Ainsi va l’actualité, parfois elle énerve. J’écoutais ce matin François Rebsamen, fraichement élu sénateur, interviewé par Laurent Bazin. Ce-dernier lui demande s’il ne serait pas temps en France de pratiquer l’union sacrée face à la crise, comme le font les américains. Et que croyez-vous que l’interviewé répondit ? Allons, je vous aide, c’est un homme politique français appartenant pour l’instant à l’opposition. Oui, vous y êtes. Il a rétorqué en substance, et sans surprise, que l’agitation du gouvernement autour de la crise n’était qu’une manière de dissimuler son incompétence à gérer les problèmes des français. Et le sénateur de préciser que les banques de détail n’étaient pas touchées. Ah bon ? Moi il me semblait qu’elles avaient passé de drôles de dépréciations, mais bon. Un grand penseur contemporain me confiait il y a peu que les français ne savaient pas débattre, que nous nous en tenions à des discussions abstraites, universalistes et bien pensantes au lieu d’avoir l’humilité d’observer la réalité. Comme il a raison. J’y ajouterais cependant l’idéologie qui perturbe tout, l’idéologie qui pousse à considérer que l’adversaire a forcément tort puisqu’il n’est pas de votre camp. Ce qui met fin à toute discussion. Les politiques se rendent-ils compte à quel point cette rhétorique est usée, lassante ? Je crains maheureusement que non.

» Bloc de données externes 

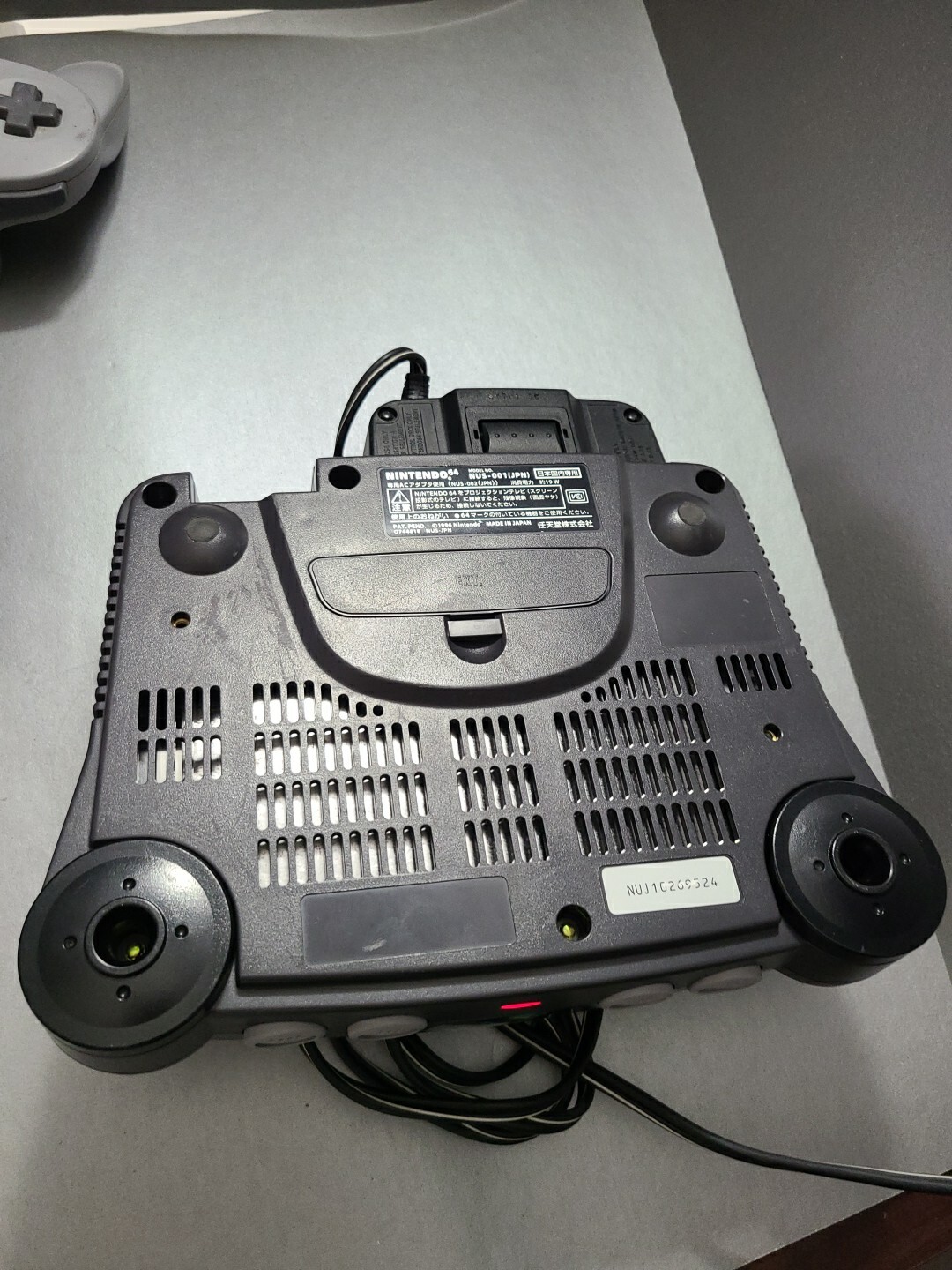 Nintendo 64 N64 Console Set NUS-001 Jpn W 2 Controllers Adapter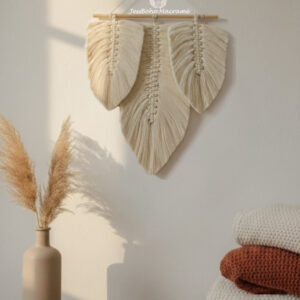 Decoración tapiz de macramé Paloma.
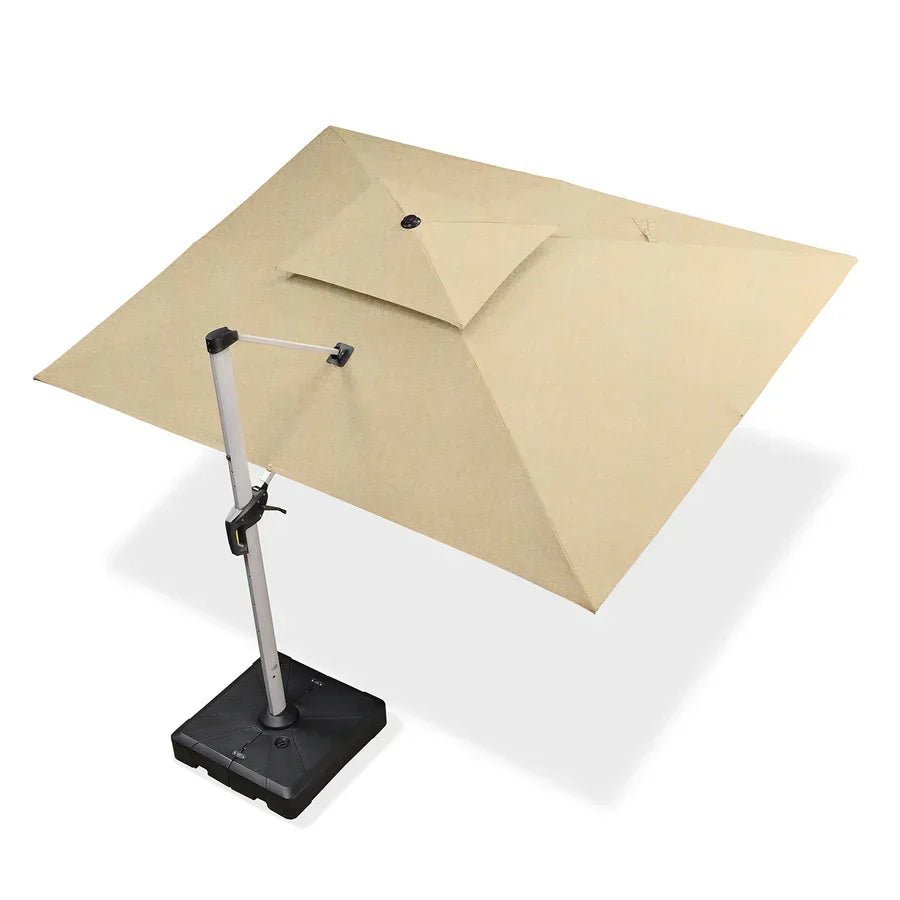 PURPLE LEAF – Parasol de terrasse Premium Classic SUNBRELLA déporté
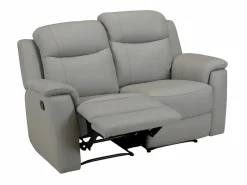 Sale Vente-unique Sofá 2 plazas relax de piel EVASION - Barato Gris claro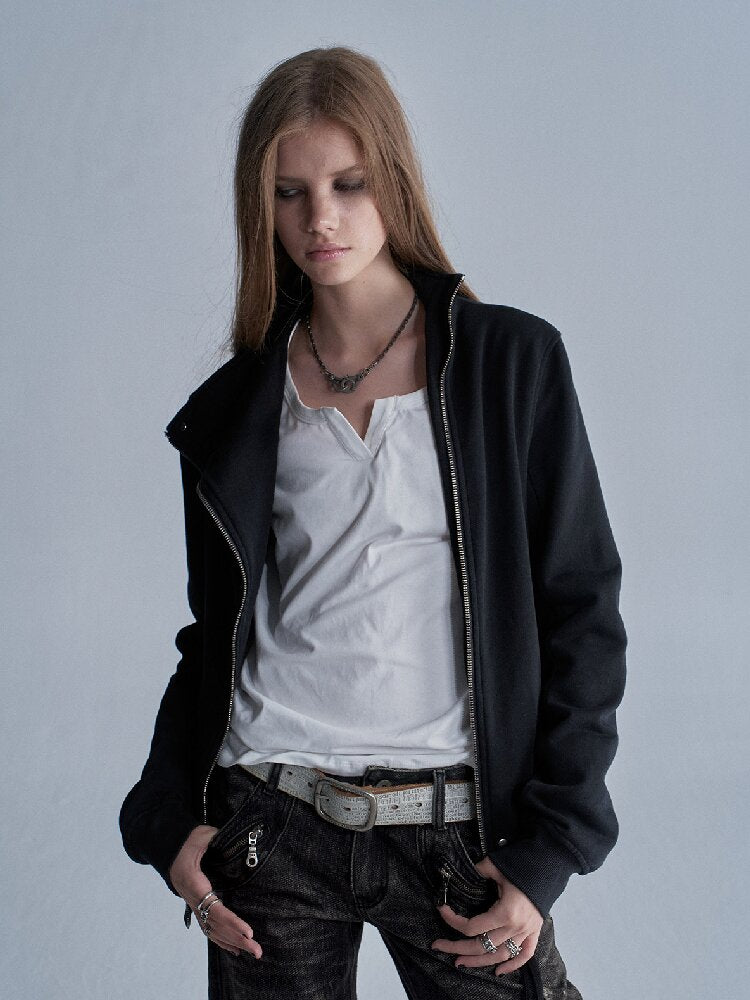 Thickened Terry Zip Cardigan Sweater【s0000018470】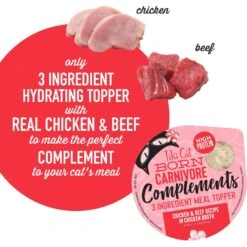 Tiki Cat Born Carnivore Complements Chicken & Beef Recipe In Chicken Broth Wet Cat Food Topper, 2.1-oz, Case Of 8 15 Tiki Cat Born Carnivore Complements Chicken & Beef Recipe In Chicken Broth Wet Cat Food Topper, 2.1-oz, Case Of 8 -PurePet Bites Shop 259108 PT4. AC SS1800 V1701796077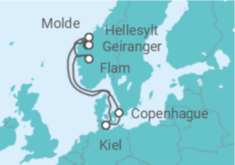Itinerario del Crucero Noruega, Alemania - MSC Cruceros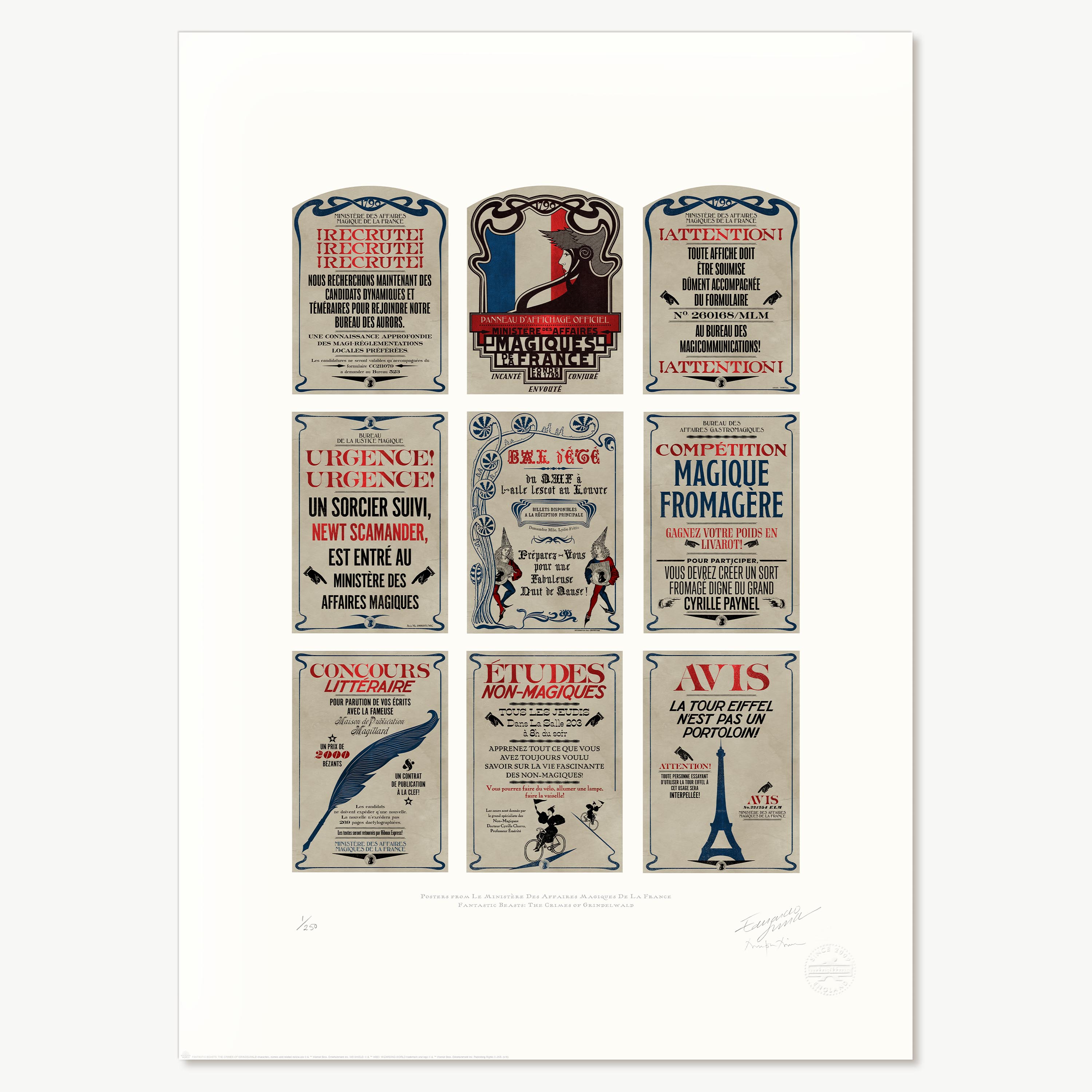 Posters from Le Ministère des Affaires Magiques de la France
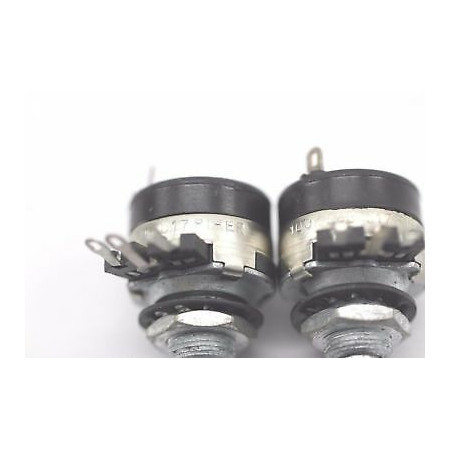 POTENTIOMETER PIHER 100K OHM LOG W ON/OFF (NEW OLD STOCK) 1PC. CA365U25F221116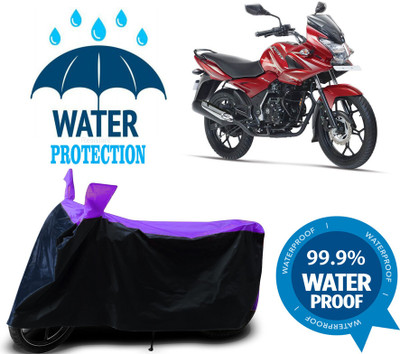 RTS COLLECTIONS Waterproof Two Wheeler Cover for Bajaj(Discover 150 s, Multicolor)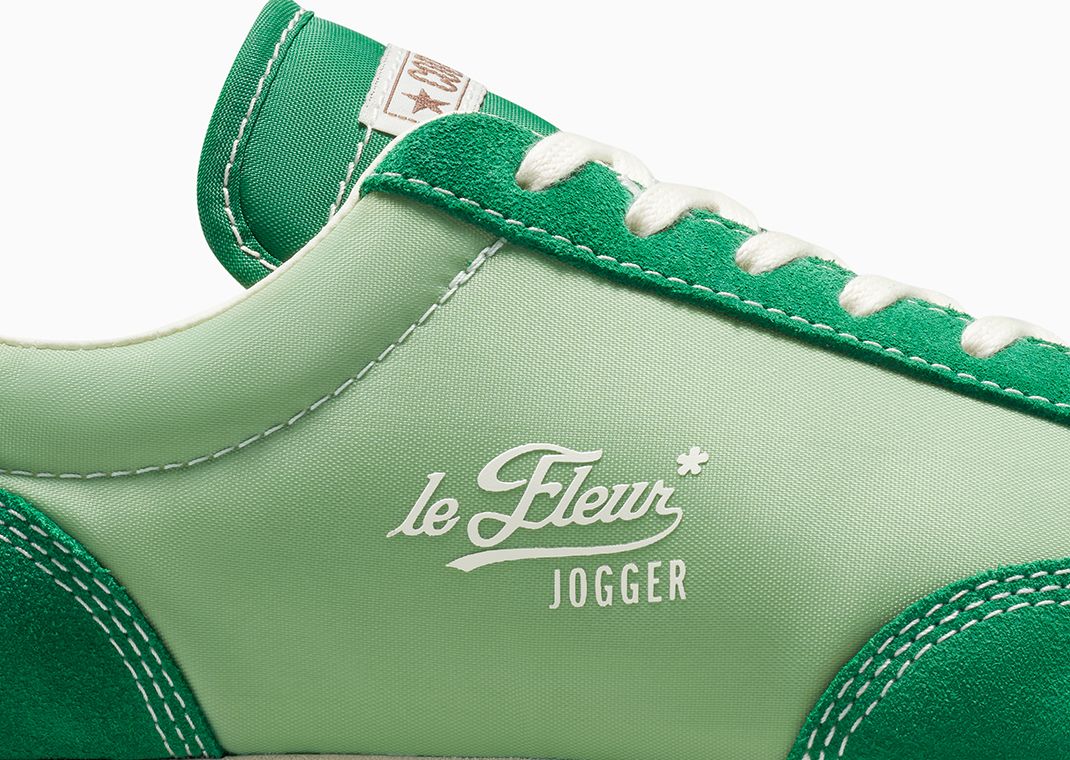Tyler, The Creator x Converse Coach Jogger Forest Shade Green Detail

Quelques minutes plus tard, j’entends que François Fillon a décidé de puiser dans le livret A pour remettre la finance à flots. Que c’est beau, on se croirait dans du Balzac. Je ne sais pas pourquoi mais cette annonce m’a rappelé la Cousine Bette. Vous vous souvenez ? L’un de ses neveux, joueur, buveur et coureur de jupons invétéré lui vole ses économies sous son matelas à la fin du roman. La pauvre femme qui jouait la même martingale à la loterie depuis 20 ans ne peut acheter son ticket ce jour-là, et, forcément, c’est le jour qu’avait choisi le sort pour faire sortir sa combinaison. Où est le rapport me direz-vous ? Disons que c’est un peu la fable de la cigale et de la fourmi, en plus cruel. Bref, aller puiser dans ce que les français ont de plus cher, leur petit bas de laine à 4% soigneusement mis à l’abri par le gentil petit écureuil pour réparer les bévues d’une tripotée de sur-diplômés qui ont dérapé sur les montages piégés de leurs camarades d’Outre-Atlantique, c’est tout de même piquant ! Sans compter que, si je ne m’abuse les fonds récoltés au titre du livret A servent en principe à financer les HLM ? Sacré clin d’oeil, vous ne trouvez pas ? Combien de fois ai-je entendu d’éminents financiers se plaindre que les français n’avaient aucune culture économique, qu’ils économisaient trop et n’investissaient pas assez, notamment sur les marchés. Entre nous, l’actualité nous donne plutôt raison ces dernières années, il faut le reconnaître. Vous voyez Messieurs les financiers que nos petites économies finalement on a bien fait de les garder ? Tout ceci me fait penser à une scène maintes fois vue dans des films de série B où un enfant brise sa tirelire et vient apporter dans sa menotte tremblante, le sourire aux lèvres, ses petites économies à l’adulte qui pleure parce qu’il a des problèmes d’argent. Voilà Messieurs les grands banquiers, les traders, et autres génies en costume rayé et voiture de sport, on va casser notre petit cochon de porcelaine et vous donner nos sous. Ces économies ridicules que vous avez tant méprisées, vous les seigneurs internationaux de la Haute Finance. C’est pas beau la solidarité ?
Correctif du 3/10/2008 : Carol vient de me faire observer avec raison que le roman de Balzac que je cite est La Rabouilleuse et non pas la Cousine Bette. Toutes mes excuses pour cette confusion et merci à Carol d’avoir rétabli la vérité.